A flawed – but only slightly flawed – masterpiece, with emphasis on masterpiece. The romantic subplot was fine, even necessary to contrast with Ethan’s solitude; the not funny comic relief I could do without.
My other quibble (really question, actually) is this: Why did Debbie decide she wanted to go home the second time Marty meets her when she refused the first time? The impression I got is that she realized the Comanches were preparing for an attack, and didn’t want to be a part of it, but maybe I’m missing something? It seemed an odd reversal. More subtly, it could be that Scar started sleeping with her. This would make sense – it would explain her fear, then relief, upon seeing Marty standing above her instead of Scar, and her scream of terror when Scar shows up. But then again, lots of things would explain it.
At any rate, the movie is unquestionably brilliant. There are some legendary and iconic scenes, deservedly so. “Let’s go home, Debbie.” should and does stand as one of the great lines in the history of cinema. A more powerful moment has rarely been portrayed on screen.

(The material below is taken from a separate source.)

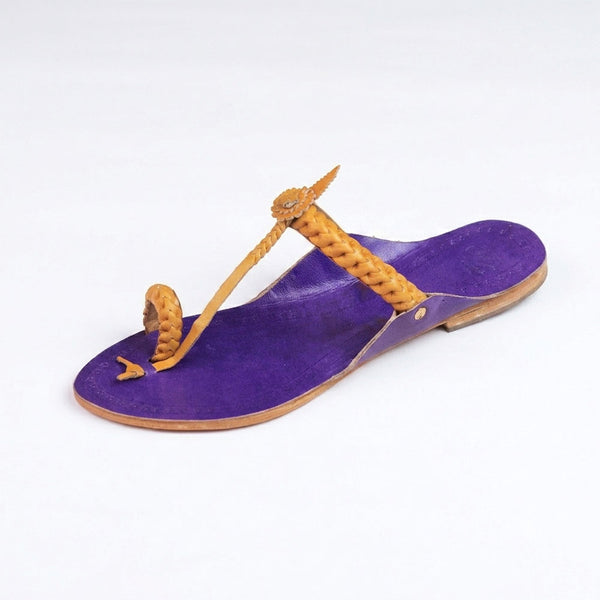 Neel Suvarna Kolhapuri Chappal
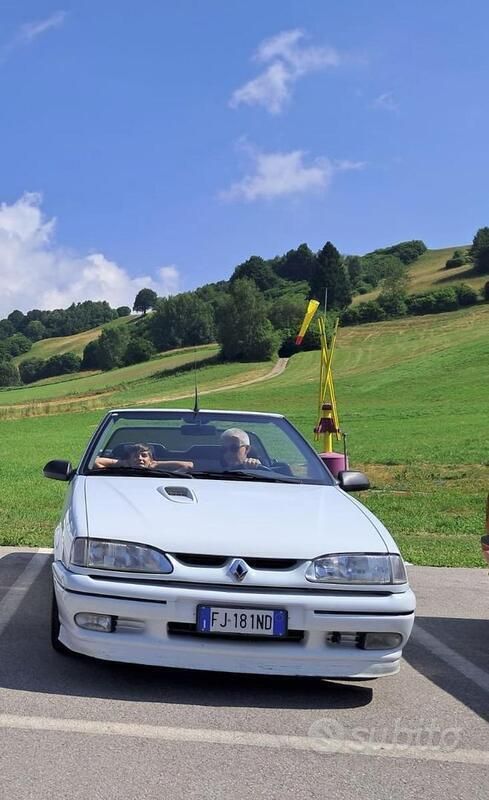 Usata Renault 19 135 CV (99 kW) 1992 Bianco Cabrio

The final shot of the movie is a beautifully tragic moment. Ethan stands in the doorway, looking at the family he helped reunite. After staring for a moment, clutching his arm, he turns away and walks off into the sunset. Nobody notices him leave. A fitting end to an absolutely sensational performance by John Wayne. That he wasn’t nominated for this but won for “True Grit” is just stunning, and not in a good way. Better late than never, I guess…
“The Searchers” is Ford’s masterpiece, and has rightfully gone down as a masterpiece not just of the western genre, but of American cinema in general.